Доктор глядел на меня испытующе.
— Девять лет, девять лет, самое время присмотреться к миру, самое время определить свои симпатии. Скажи, Ежи, кто тебе больше нравится: католички или протестантки?
— Католички, — отвечал я не раздумывая, окрыленный появившейся наконец легальной возможностью поговорить о женщинах. — Католички, а больше всех Уршуля и Альдона.
— Ты совершенно прав, — произносил он со смертельной серьезностью и, немного помолчав, добавлял длинную загадочную фразу; прозвучавшее в этой фразе ключевое, по-видимому, выражение «экуменические устремления» я не только не понимал, но и почти не слышал, поскольку мама пантерой бросалась к столу, заслоняла меня своим телом, заглушала слова доктора истерически-настойчивым приглашением перейти на кухню; минуту спустя оттуда доносился неземной звук — звон извлекаемых из буфета рюмок.
Домыслов о том, что он сам себе укорачивал жизнь и по этой причине относился к самоубийцам с неприязнью и презрением, доктор Свободзичка — я уверен — никогда бы не подтвердил.

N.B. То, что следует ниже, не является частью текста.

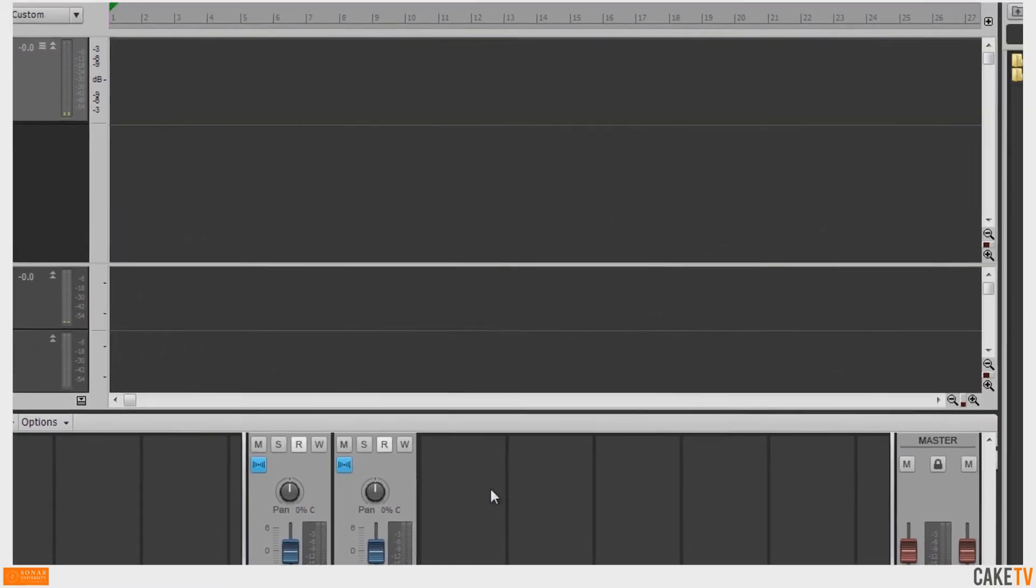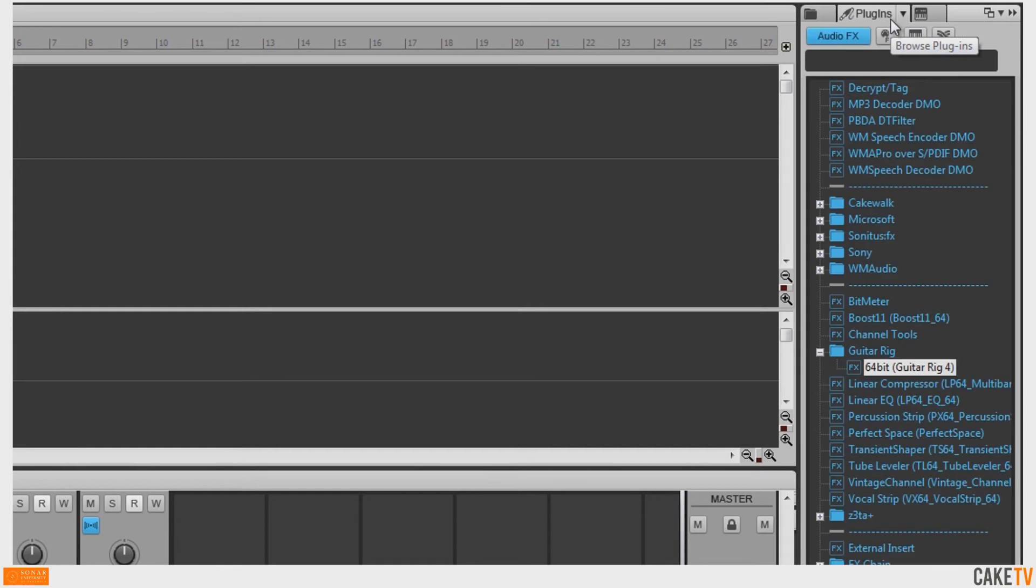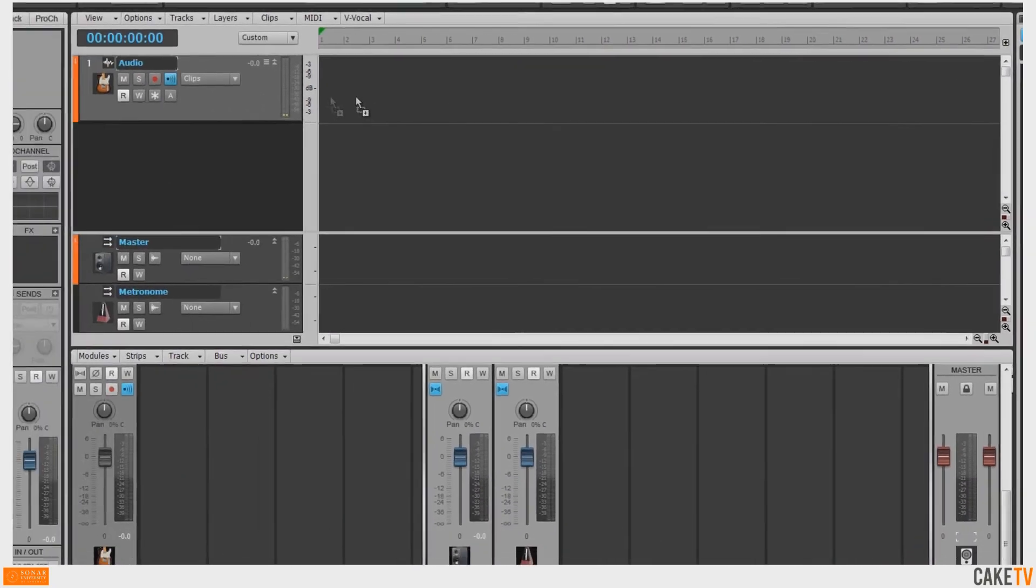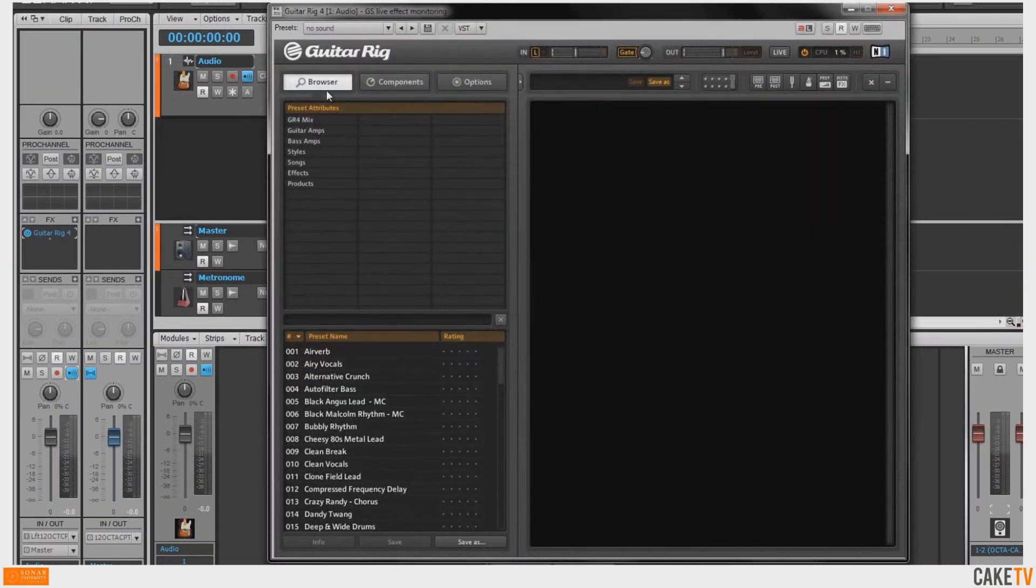Next, go to the browse plugins section of the browser and select audio effects to view the list of effects. Select an effect from the list and drag it to the track pane of the desired input's track.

Ни намеком, ни жестом не показал бы, что видит в их отчаянии искаженное по форме, но верное по сути отражение собственного состояния. Его якобы всего-навсего возмущало, что наши самоубийцы отправлялись в горы или в лесную чащу и там исчезали, подыскав себе в недоступных дебрях подходящий буковый (леса у нас смешанные) сук. А ведь им следовало бы позаботиться о том, чтобы не слишком обременять живых, им бы следовало — дабы упростить неизбежные посмертные процедуры — вешаться на опушке.